Di Provinsi Hubei, China, ketika awal kebijakan isolasi total diterapkan untuk Kota Wuhan kualitas udara tidak serta merta membaik. Diperlukan proses peluruhan fine particulate ke permukaan tanah dan perlu isolasi total, termasuk terhadap lalu lintas kendaraan bermotor yang dimaksudkan untuk menghentikan proses penularan Covid-19 yang kemudian memberikan manfaat ganda dalam menghentikan paparan debu jalanan dan emisi lainnya, katanya.

Regresi linear yang dilakukan KPBB untuk mengetahui kualitas udara selama periode pelaksanaan social atau physical distancing selama 16-25 Maret 2020 dengan menganalisa data kualitas udara berdasarkan Ambient Air Quality Monitoring Station (AAQMS) atau Stasiun Pemantau Kualitas Udara Ambient, dan Roadside Air Quality Monitoring atau pemantauan kualitas udara pinggir jalan. Analisa data diambil dari lima titik yang merepresentasikan kelima wilayah kota di Jakarta.

Untuk AAQMS, Ahmad bersama timnya menggunakan data hasil pemantauan AAQMS-US Embassy yang ditempatkan di Jakarta Pusat dan Jakarta Selatan. AQMS di Jakarta Pusat menunjukkan rata-rata konsentrasi PM2.5 antara tanggal 16-25 Maret 2020 adalah 30.13 μg per meter kubik (m3) atau masih lebih tinggi dari rata-rata pada periode yang sama di 2019 yang mencapai 14.99 μg per m3. Sebagai konsekuensi bahwa periode Januari hingga 2020 memang lebih tinggi pencemaranya mencapai 25.78 μg per m3 dibandingkan periode yang sama di 2019 yang mencapai 24.49 μg per m3.

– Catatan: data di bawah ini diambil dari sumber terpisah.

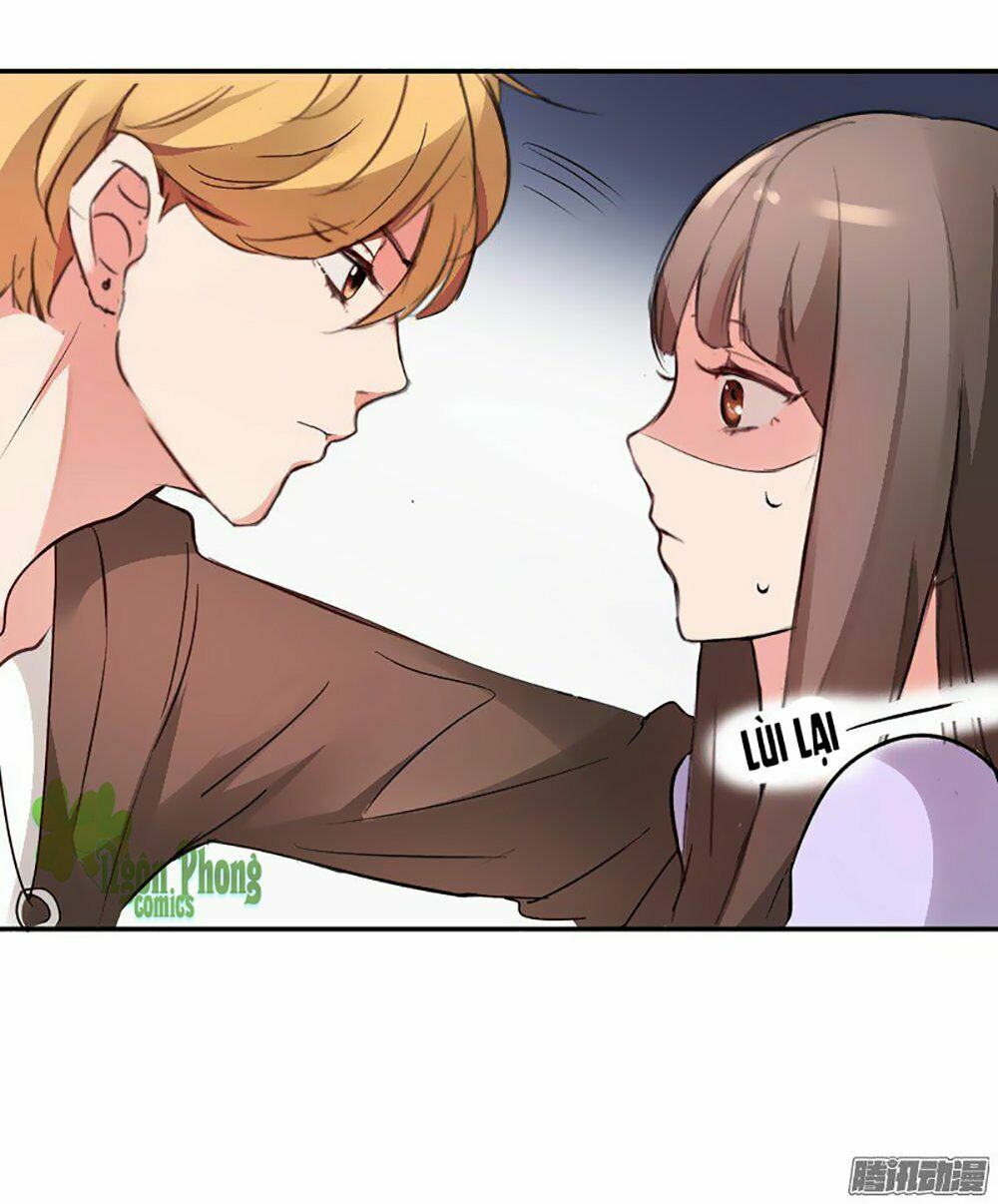 Quay Đầu Nhìn Lại, Anh Yêu Em!: Chapter 3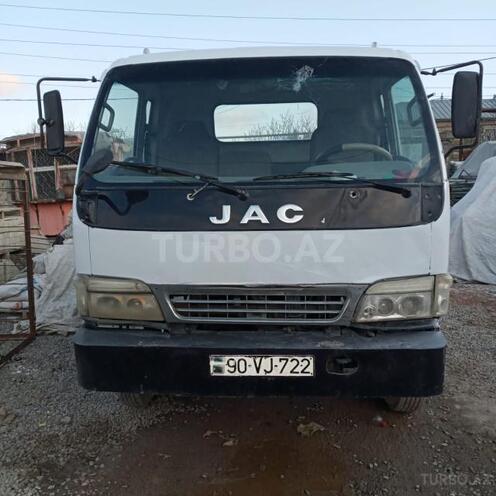 JAC  2008, 455,555 km - 4.2 l - Bakı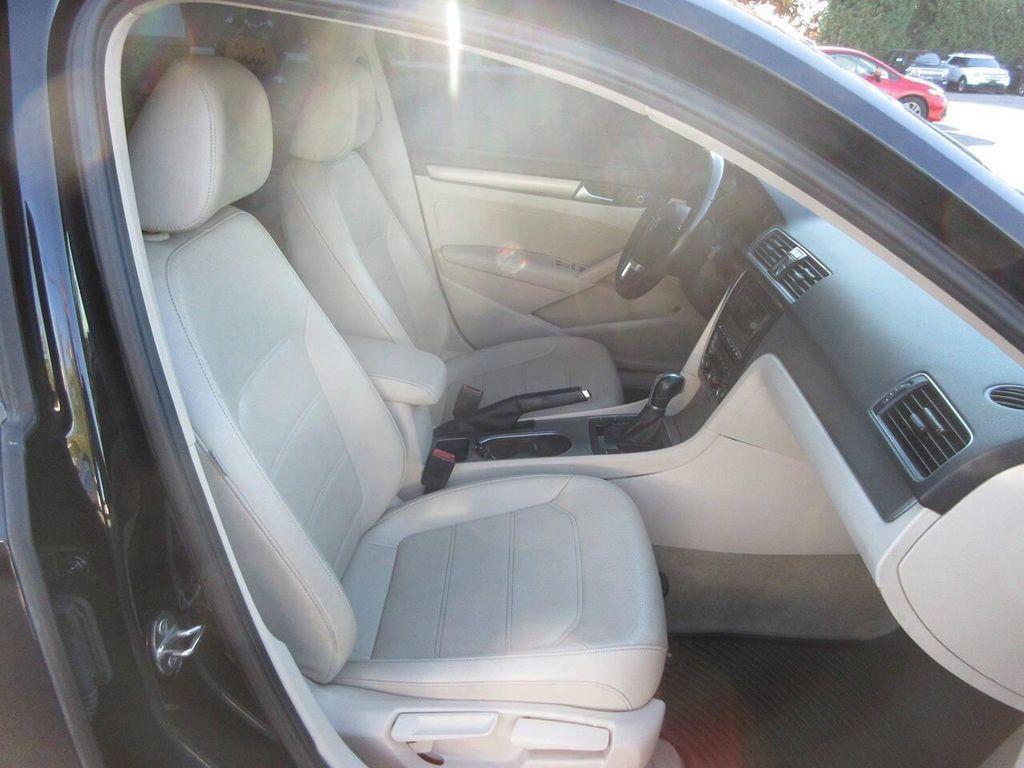 used 2015 Volkswagen Passat car, priced at $7,490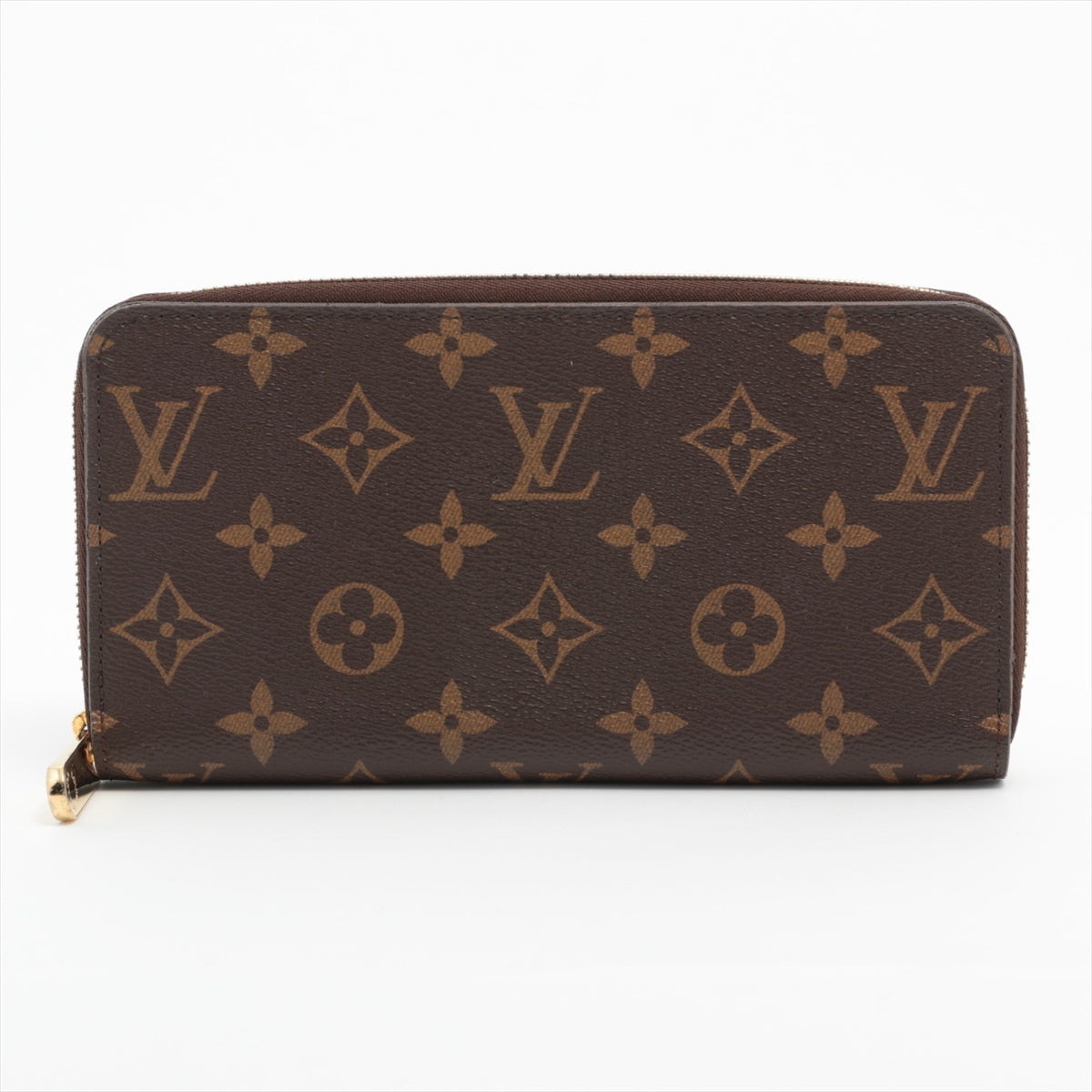 Louis Vuitton Monogram  Wallet M41894 Rose Valerie Round Zip Wallet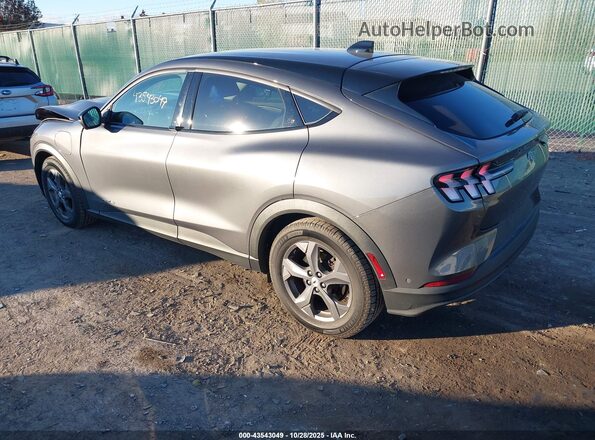 3FMTK1SS2PMA30485 2023 FORD MUSTANG MACH-E Gray Задня ліва чверть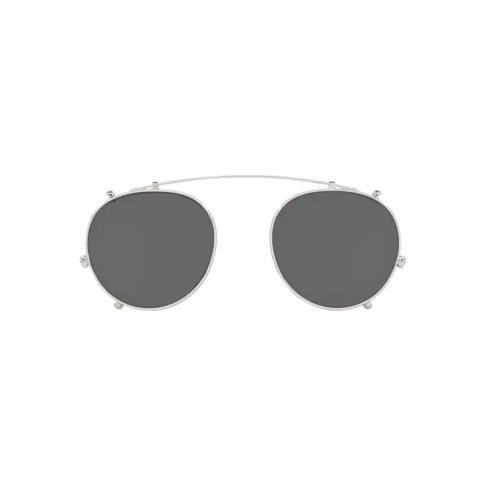 Oliver Peoples 0OV 5183CM O`malley Clip 503687 Silver/gray Clip On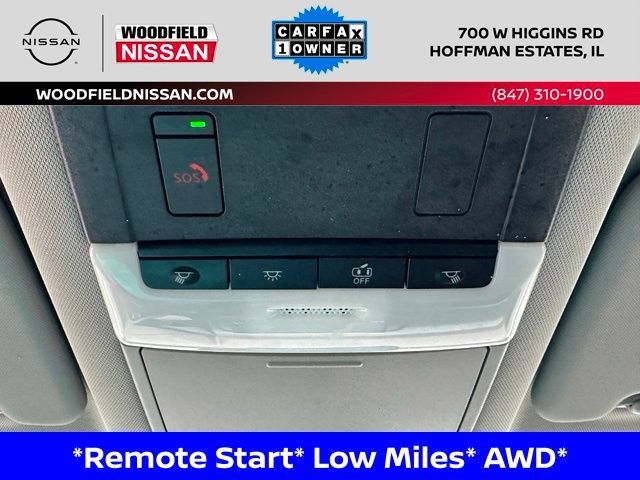 Certified 2023 Nissan Rogue SV AWD/4WD image 31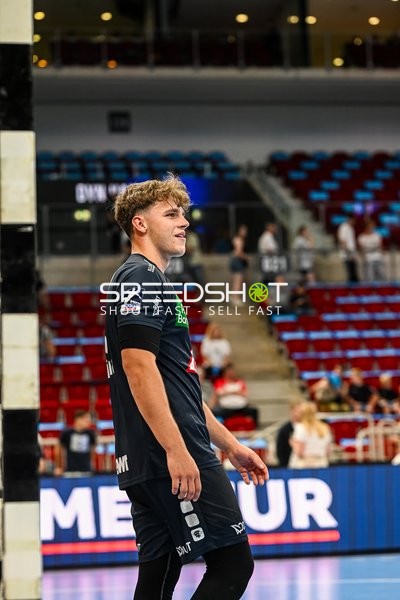 Handball I Herren I Saison 2023-2024 I Liqui Moly Handballbundesliga I Pixum Super Cup I Rhein-Neckar Löwen - THW Kiel I 23.08.2023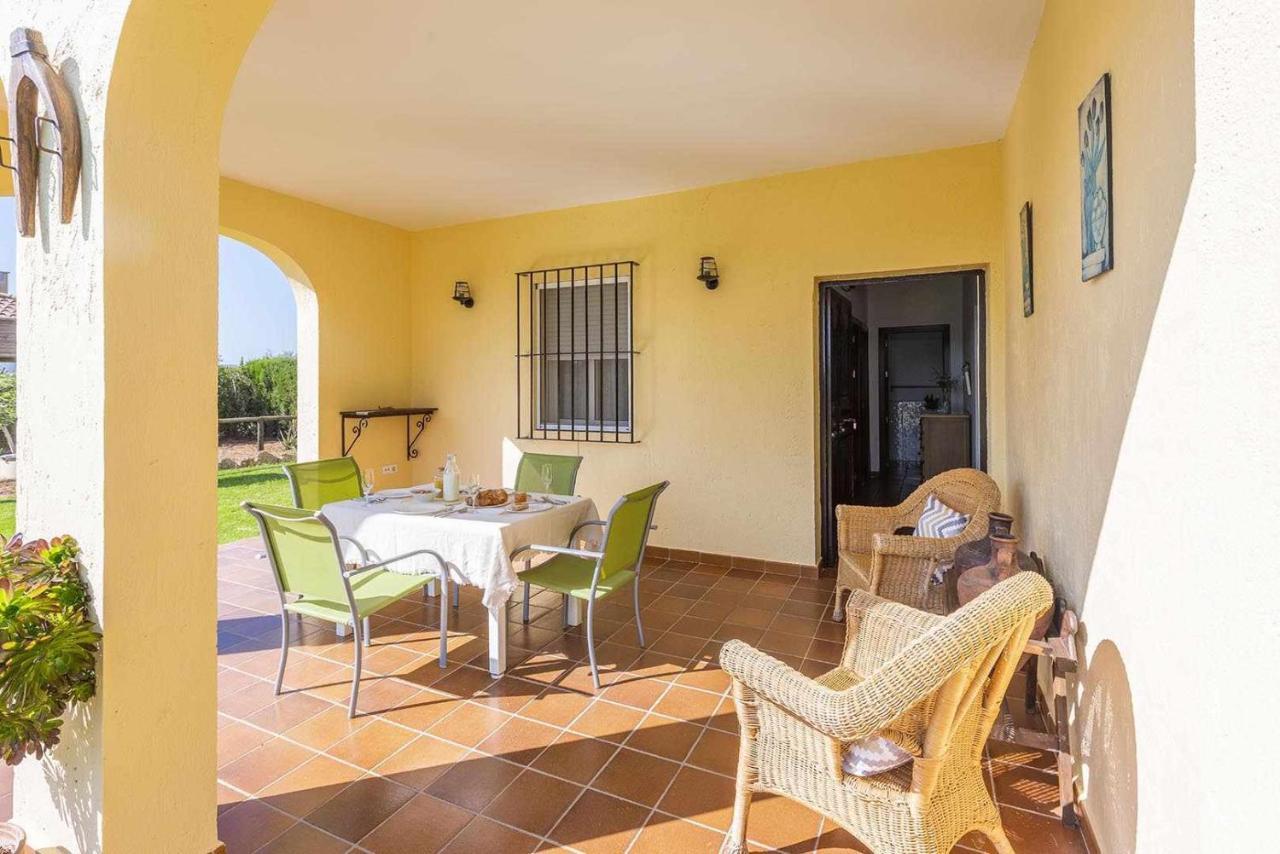 Casa Rural De Noa La Puebla de Cazalla Ngoại thất bức ảnh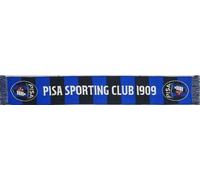 Perseo Trade srl Pisa Calcio Sciarpa Jacquard 03 Ufficiale
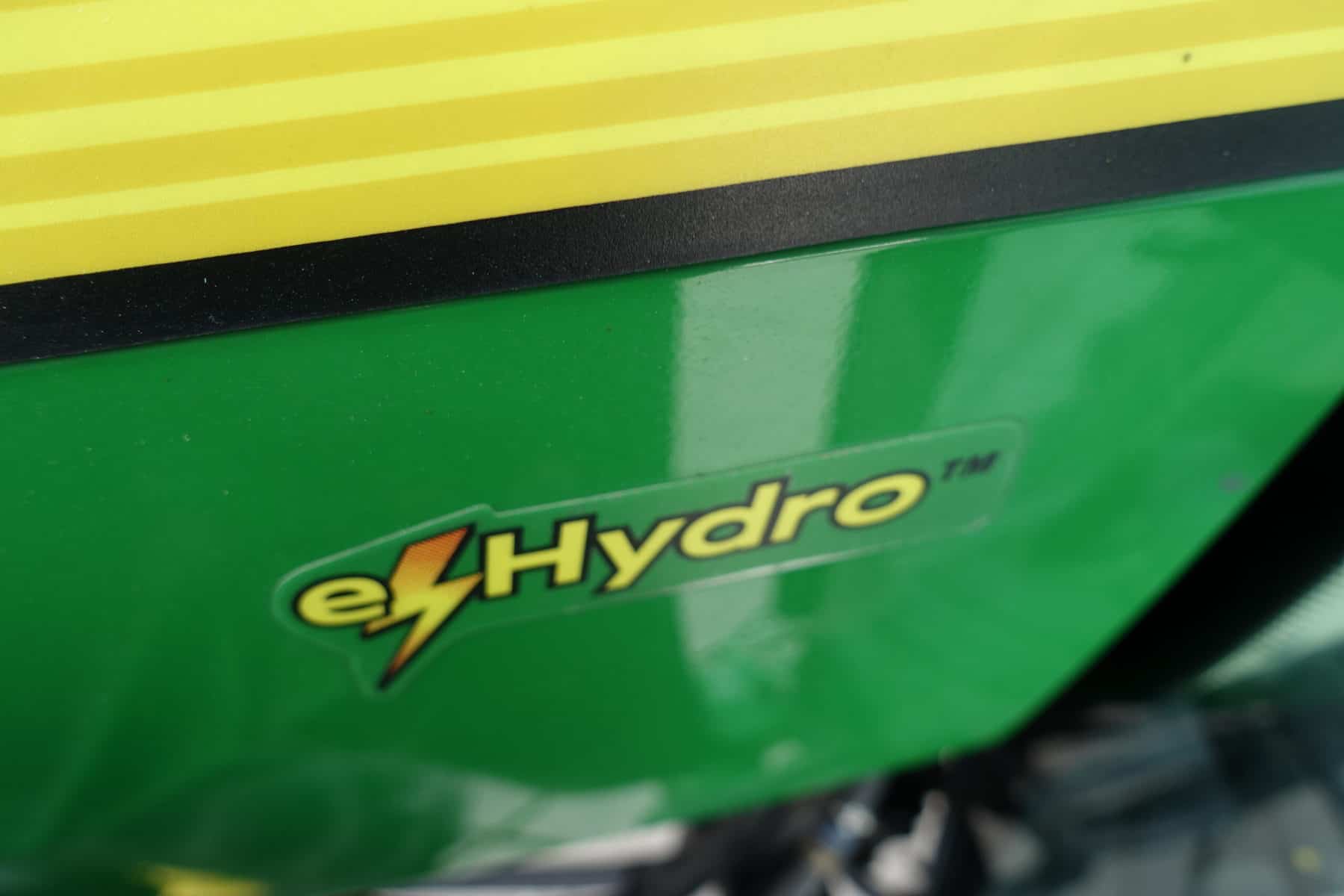 John Deere 4720 4wd - Afbeelding 9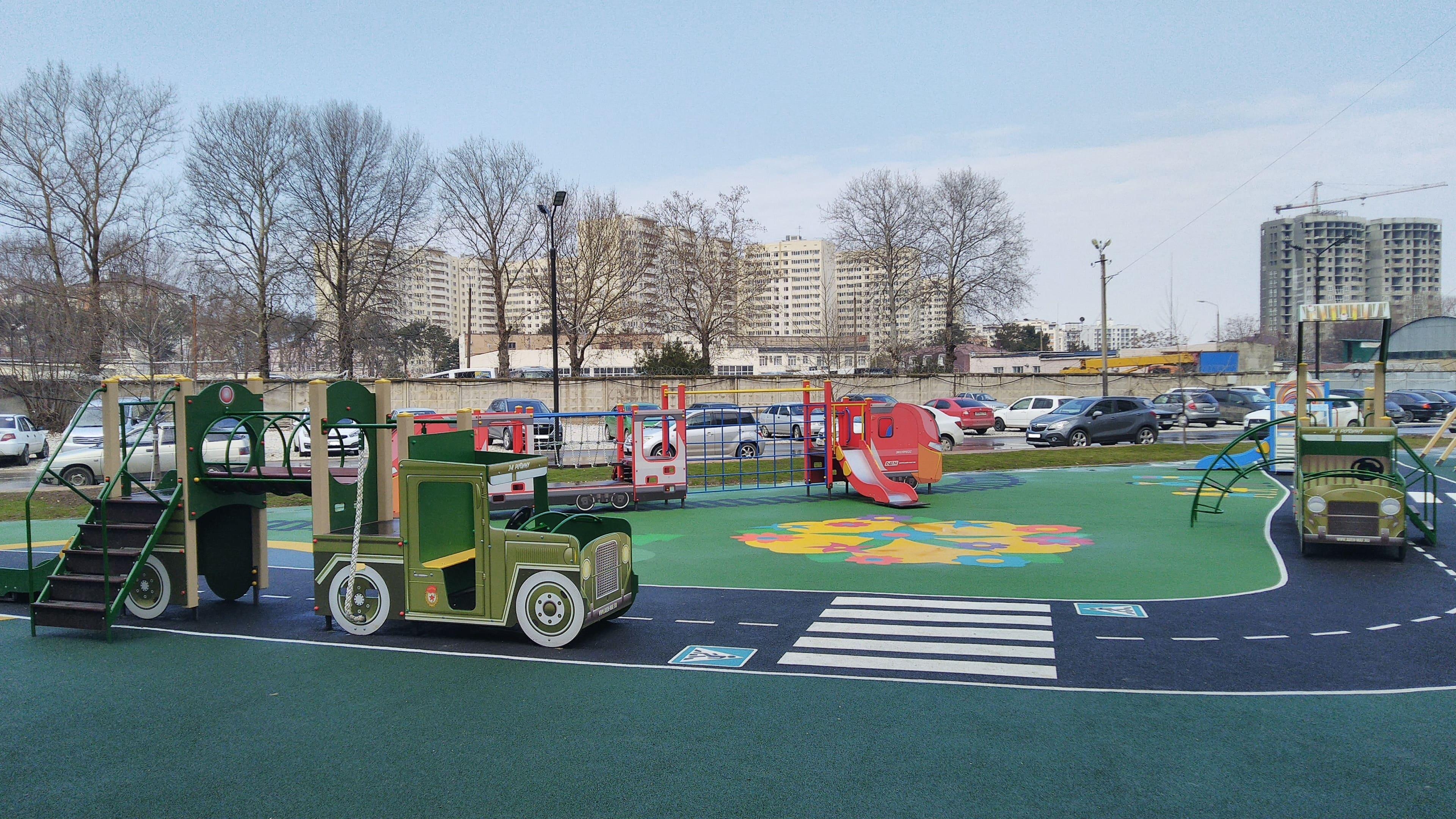Фото ЖК Времена Года 10.08.2019_6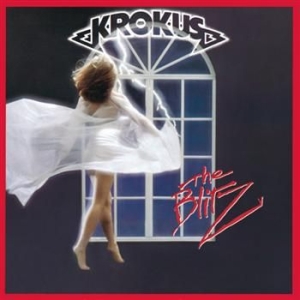 Krokus - The Blitz i gruppen CD / Metal hos Bengans Skivbutik AB (596592)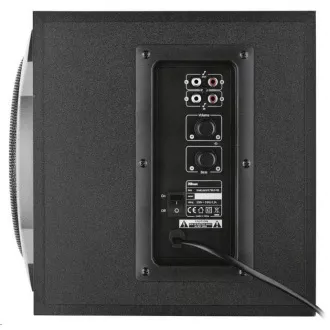 TRUST Reproduktory 2.1 GXT 38 Subwoofer Speaker Set TRUST Reproduktory 2.1 GXT 38 Subwoofer Speaker Set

Dari hasil AQMS–US Embassy yang ditempatkan di Jakarta Selatan terlihat rata-rata pada saat diterapkan social atau physical distancing antara 16-25 Maret 2020 adalah 44.62 33 μg per m juga masih lebih tinggi dari rata-rata pada periode yang sama pada 2019 yaitu 30.49 μg per m, sekalipun mulai menunjukkan data penurunan secara berangsur-angsur atas konsentrasi parameter PM2.5.

Sementara dari sampling Roadside Air Quality Monitoring yang mengukur pencemaran udara pinggir jalan (bukan pencemaran udara ambient) dari lima titik pemantauan roadside pada 17-23 Maret 2020 dengan enam parameter yang diukur, di antaranya karbon monoksida (CO), hidro karbon (HC), nitrogen dioksida (NO2), Ozone (O3), particulate matter 10 (PM10), sulfur dioksida (SO2) menunjukkan kecenderungan menurun tajam dibandingkan hasil pengukuran di lokasi yang sama pada 2011 sampai dengan 2019.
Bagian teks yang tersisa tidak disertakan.